The memory that we all have of that BRAAAM playing during the movie (especially playing during the nonexistent opening credits) is completely false. That means that the trailer for Inception inceptioned us into thinking the Inception sound was in Inception. That is impressively meta. Just like when The Prestige tricked everyone into thinking it was a good movie.
Neil Armstrong Didn't Say Something Incredibly Stupid When He First Stepped Onto The Moon
Everyone knows the first words spoken when humans first walked on the moon: "That's one small step for man, one giant leap for mankind." The words are poetic, in that they don't make a lick of goddamn sense.

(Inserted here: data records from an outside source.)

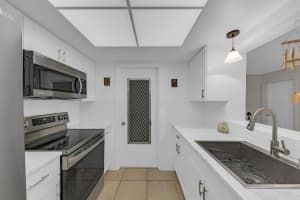 521 NW 26th Street, Pompano Beach, FL 33064 Sold 03/31/25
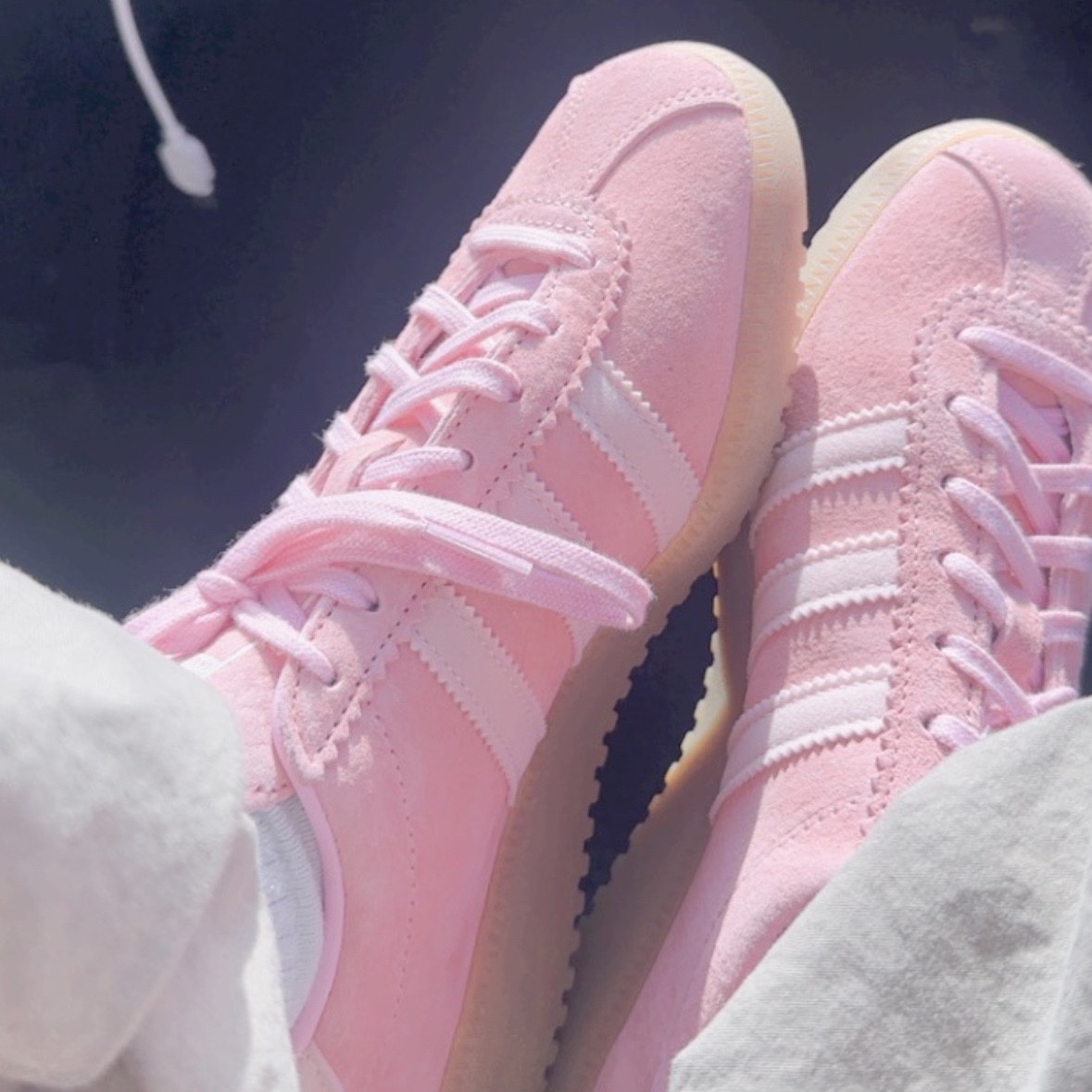 Adidas Bermuda Glow Pink 착용 스타일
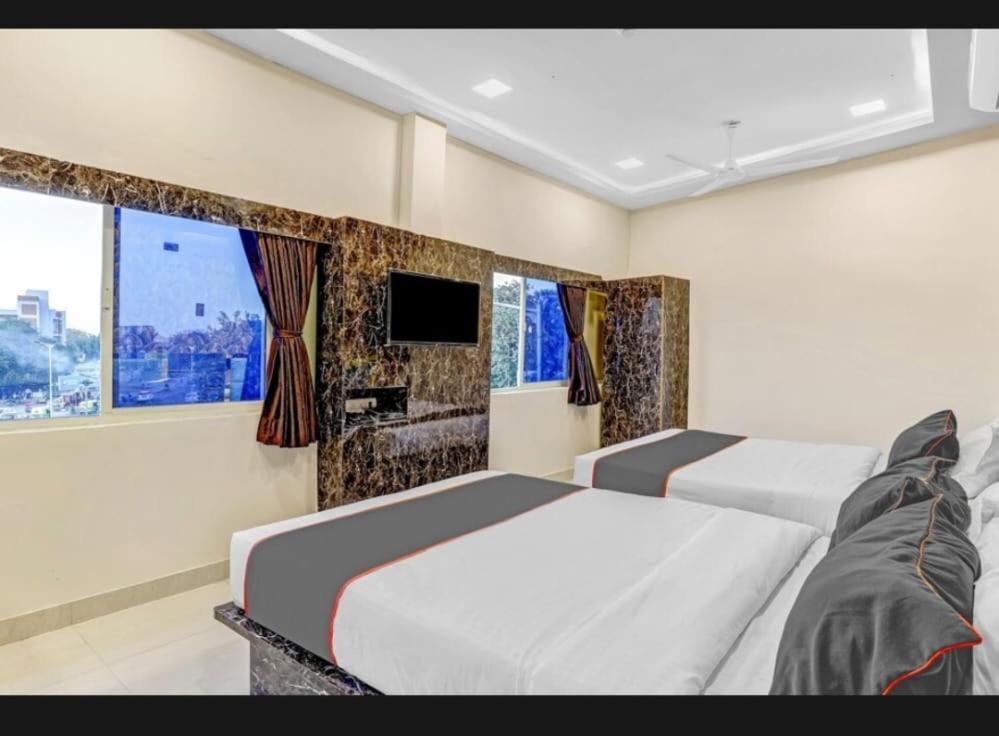 Hotel Bhavya Residency Ahmedabad Phòng bức ảnh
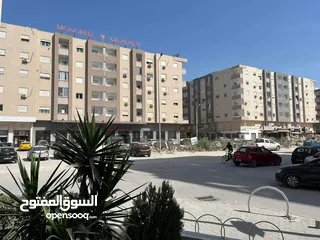  1 شقة مفروشة متكونة من غرفتين و صالون للايجار باليوم في تونس العاصمة على طريق المرس
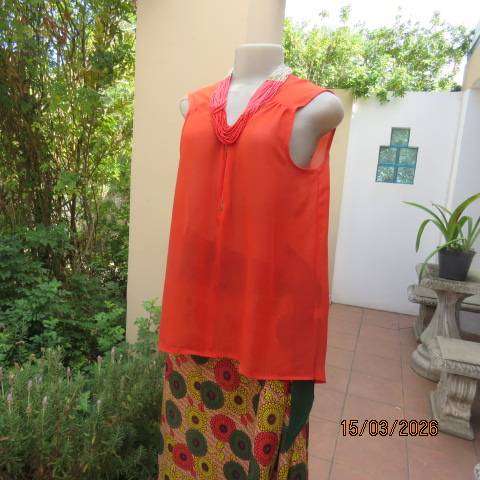 Fashion Express scarlet red slip-over sleeveless sheer polyester top with front zip, size 38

In this context, "man" means the exact same thing as "mankind." When we say, "Man has been riding horses since 3500 B.C.," we aren't talking about one, very tired guy. So "one small step for man" would be if everyone on Earth simultaneously did the Time Warp or something. As far as I know, that isn't what was happening on July 20, 1969. What was happening was a small step for a man: Neil Armstrong.
"And one giant leap for my kids' 'My dad is cooler than your dad' arguments."
So what happened? Did the astronaut who didn't shit himself during the first-ever emergency in space suddenly become nervous? Was he an idiot who somehow managed to fake his way into a degree in aeronautical engineering? He very clearly says "One small step for man." It's right there in cold, hard ones and zeros, right?
Not according to Neil Armstrong. Armstrong insisted that he actually said "One small step for a man," because he knows how to speak English and is not Frankenstein's monster. A recent study at Michigan State University supports his claim. Their data suggest that Armstrong's accent may have caused a misunderstanding of the transmission: They have found that people raised in Central Ohio pronounce "for a" like "frrr(uh)." The bit of static in the transmission, then, may have been just enough to make it seem like the first words on the moon were tantamount to, "Man take step, man big jump."
For more on staticky drawled pronunciations, see every Southern rap song from '95 to '03.